Saturday, February 16, 2013

Nowhere Ain't Too Far From Here



Here's a mess of ancient Replacements outtakes that I put together just for you (yeah right). Actually, none of these tracks have been anything too hard to find of late, with a couple of them popping up thru 'legitimate' sources while the rest already appeared on a couple of other blogs 4 or 5 years ago. Of course, those particular blog files are probably long gone by now if you tried to google 'em anyway, plus they were on the sort of music blogs that think the Gaslight Anthem are hot shit, so fuck 'em. I'm gonna post these now because I've owned these tracks practically since before Blogger was even invented, when I paid 25 bucks for a bootleg CD full of them about ten or eleven years ago. Screw you, crappy music blog people. Go fuck off to Tumblr or something.

There's like 26 tracks on this CD, but I'm not gonna bother posting every slightly-different variation of already-released songs, although I will include "Careless" -- recorded in '80, pre-Sorry Ma apparently -- because it shows how solid the 'Mats intent was, even from the very beginning. There's also a tossed-off version of "Red Red Wine" which is pretty nice, too; the blazing-fast version on "Pleased To Meet Me" is probably my 3rd favorite track on that album, but the version here chugs along at a mid-tempo pace and does a much better job of bringing out the groove in the song. I also like it because it reminds me of when the 'Mats would do slower country versions of songs like "God Damn Job", plus the made-up reference vocal is kinda funny ("Keep suckin' the soda/Wisconsin and Minnesota").

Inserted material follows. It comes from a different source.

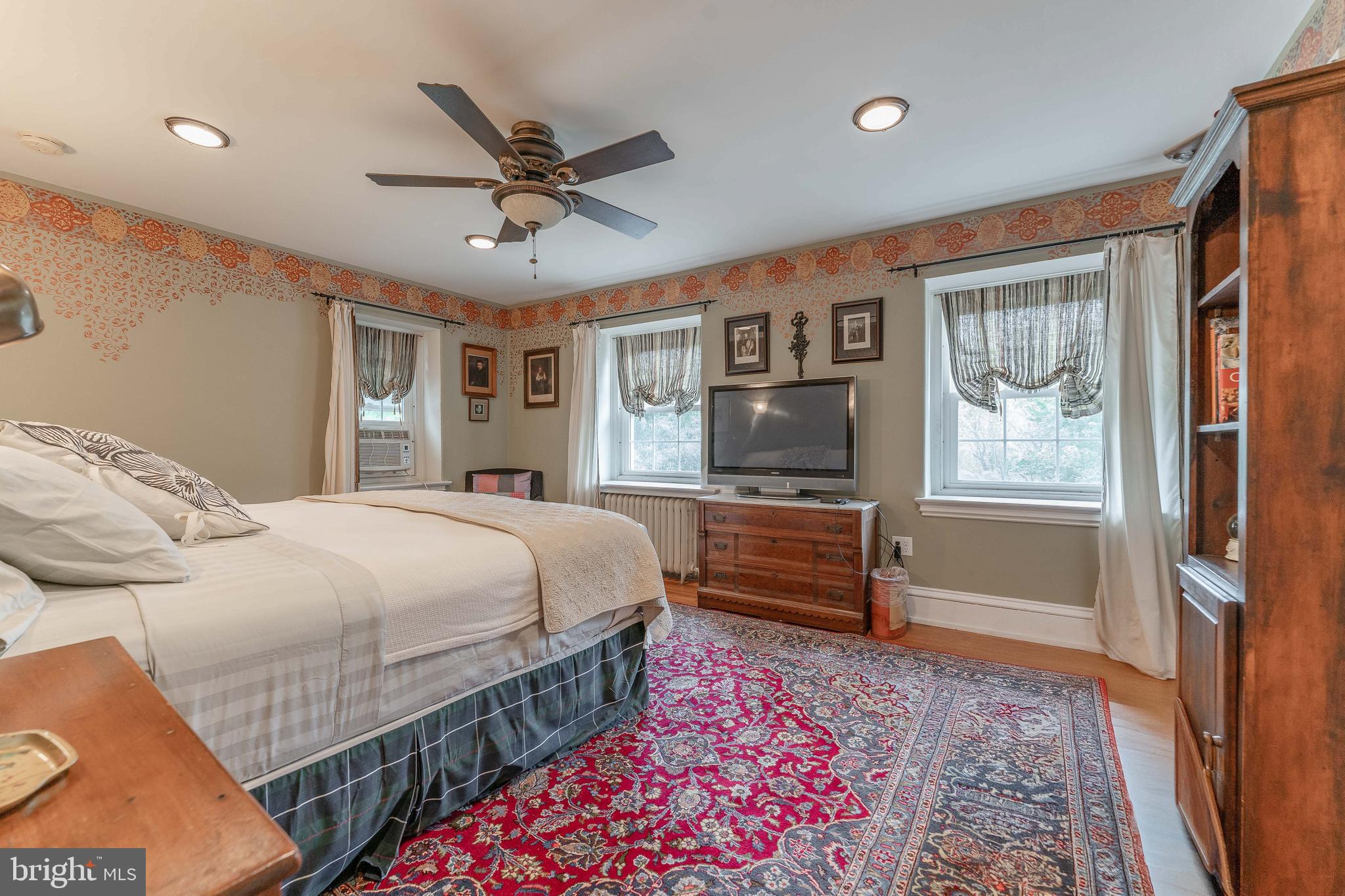 GULPH MILLS VIL - Residential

As for the other stuff, "Nowhere Is My Home" was one of those 'legendary' 'unheard' 'Mats tracks at one point (similar in stature to the original version of "Can't Hardly Wait"), finding itself passed around in lore for a year or two based on word-of-mouth accounts of live shows long before any real studio-recorded version surfaced, which in this case ended up being the unused Chilton sessions that also produced the "Tim" version of "Can't Hardly Wait". Most of the other tracks I'm posting here are basic rockers, some of which morphed into other more recognizable songs and some which didn't. "Temptation Eyes" and "Street Girl" are both pretty corny, at least compared to everything else in the Replacements' oeuvre at the time. "Temptation Eyes" in particular seems to be an attempt to cultivate some sort of Journey/Loverboy-type 'radio hit' (*duh, it's a cover), so maybe it's a good thing that idea wasn't developed any further. If some of these tracks seem a little crappy-sounding compared to cleaned-up versions that might've come out sometime later, keep in mind that this was probably bootlegged from a cassette tape that had been sitting in someone's pocket since the '80s, but that's what things were like back then; the only way to trade music back-and-forth was on crummy cassettes, so people expected things to sound like a bunch of suck. It was all part of the fun.

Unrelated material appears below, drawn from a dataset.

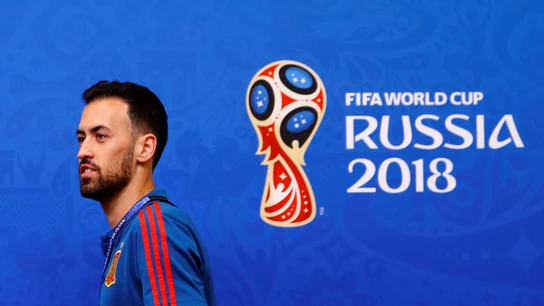 Busquets entra en la sala de prensa Busquets entra en la sala de prensa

For whatever reason the booklet was printed with two different sets of artwork, depending upon which way you wanted to fold it, so I scanned a little bit of both. The girl-with-the-candle photos are by Richard Kern, and yes, they credit him on one of the other pages in the booklet.




The Replacements -

"Careless"

"Nowhere Is My Home"

"Who's Gonna Take Us Alive"

"Temptation Eyes"

"Street Girl"

"Perfectly Lethal"

"Time Is Killing Us"

"P.O. Box"

"Red Red Wine"


Saturday, November 27, 2010

One More Chance To Get It All Wrong


They never told us if the trophies were Bob's or Tommy's...

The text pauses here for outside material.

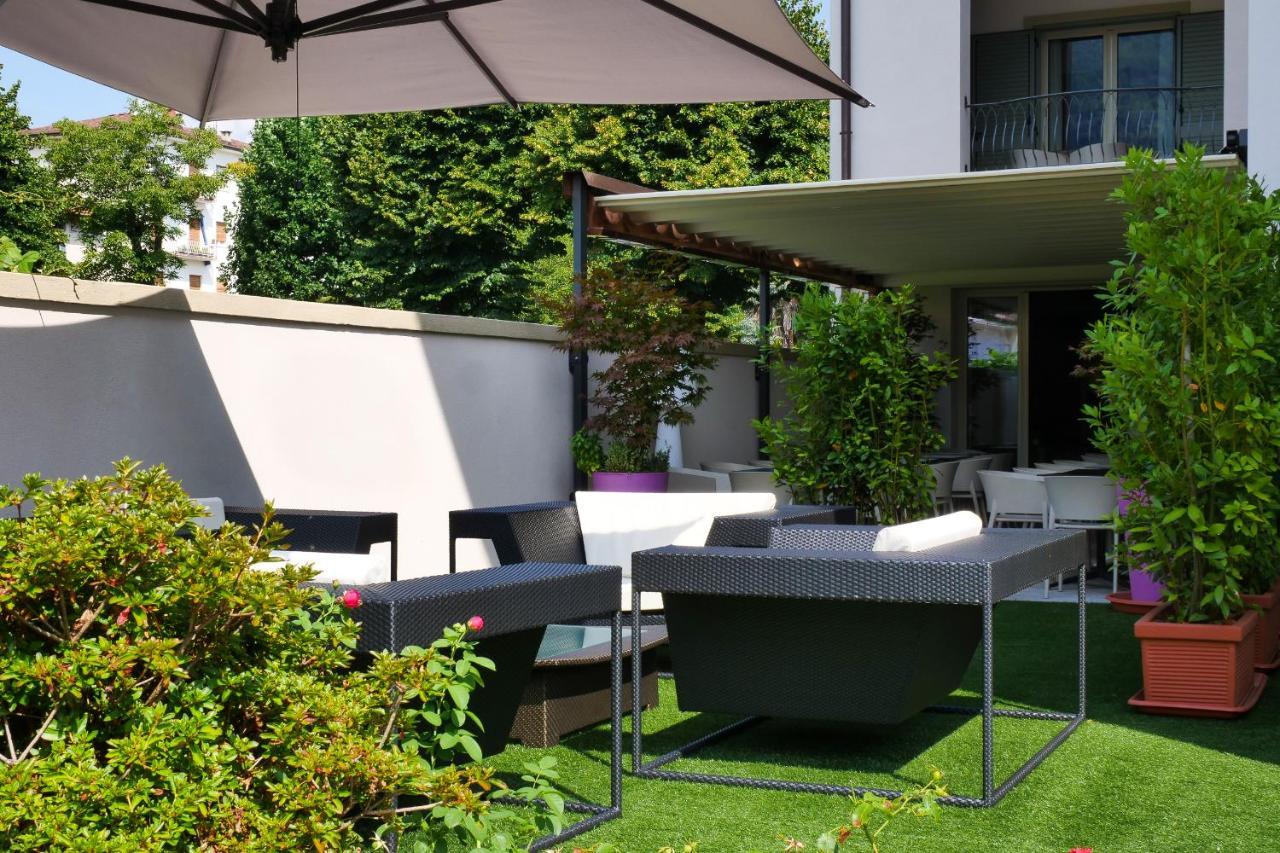 Hotel Al Campanile - Luxury Suites & Apartments Baveno Eksteriør billede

I thought it was great when The Replacements' Twin/Tone albums got re-issued a couple of years ago, although it was only for nostalgia's sake, as I wasn't all that motivated to run out and buy them right away. Not that I didn't think they'd be worth it, just that I had most of the bonus tracks already, between "All For Nothing" and a bootleg that I'd bought about 8 years ago (bootlegs being the old way to steal music, before mp3 blogs were invented). Besides, my CD tower is still stocked with all of the Twin/Tone albums from the first time they started coming out on CD, on suspect labels like Chameleon and Restless.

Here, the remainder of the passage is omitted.